Sono passati sessantuno anni dall’incredibile impresa realizzata dal batiscafo Trieste nelle profondità dell’Oceano Pacifico. Furono Jacques Piccard e Don Walsh ad addentrarsi nelle oscurità marine fino a raggiungere il Challenger Deep a 11 mila metri sotto il livello del mare. Sembra fantascienza, ma qui non c’è nulla di inventato. Scopriamo allora come andò questa avventura nel mondo marino.

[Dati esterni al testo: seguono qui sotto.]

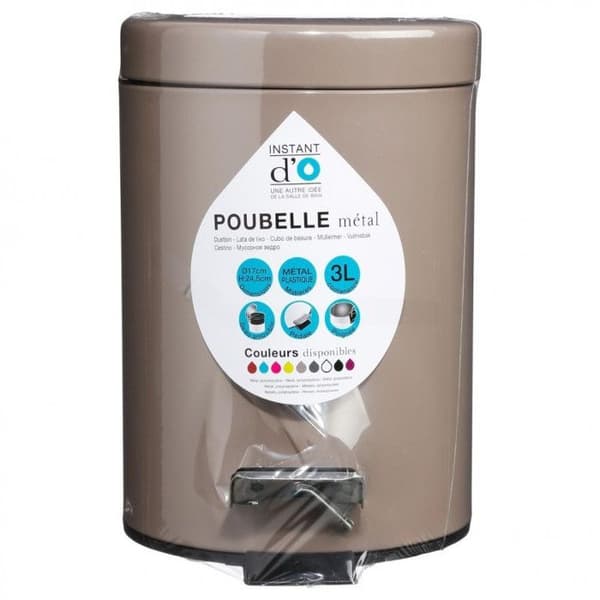 Atmosphéra 3 liters pedalbehållare i metall - Taupe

Auguste Piccard, dalla stratosfera alle profondità marine
Il fisico e esploratore svizzero Auguste Piccard (1884-1962) non è solo conosciuto per il batiscafo Trieste. Infatti, egli fu il primo uomo al mondo, insieme a suo fratello gemello, a vedere la curvatura terrestre della stratosfera grazie all’invenzione di un pallone aerostatico.
Era il 1952, al cantiere San Marco di Trieste, facente parte della società italiana cantieri riuniti dell’Adriatico, quando si cominciò la costruzione del batiscafo Trieste. Il progetto, come già accennato, era dello scienziato svizzero Auguste Piccard. Il quale, sulla base anche delle sue scoperte precedenti, aveva progettato questa incredibile macchina capace di raggiungere profondità incredibili.
Com’era fatto il batiscafo Trieste?
Il batiscafo Trieste era composto essenzialmente da una camera e diversi galleggianti pieni di benzina. L’hanno scelta perché è meno densa dell’acqua ed è capace di resistere alla compressione anche a pressioni elevate. In questo modo il Trieste non era obbligato a essere legato alla nave, ma libero di muoversi autonomamente.
Un’altra parte importante che costituiva il batiscafo era una sfera di 13 tonnellate spessa oltre 12 centimetri. Era separata dal resto della struttura e la si poteva raggiungere attraverso un tunnel. A differenza dello scafo, costruito al cantiere San Marco, questa parte fu commissionata alla Società delle Fucine delle Acciaierie di Terni. Assemblarono il tutto nel cantiere navale di Castellammare di Stabia.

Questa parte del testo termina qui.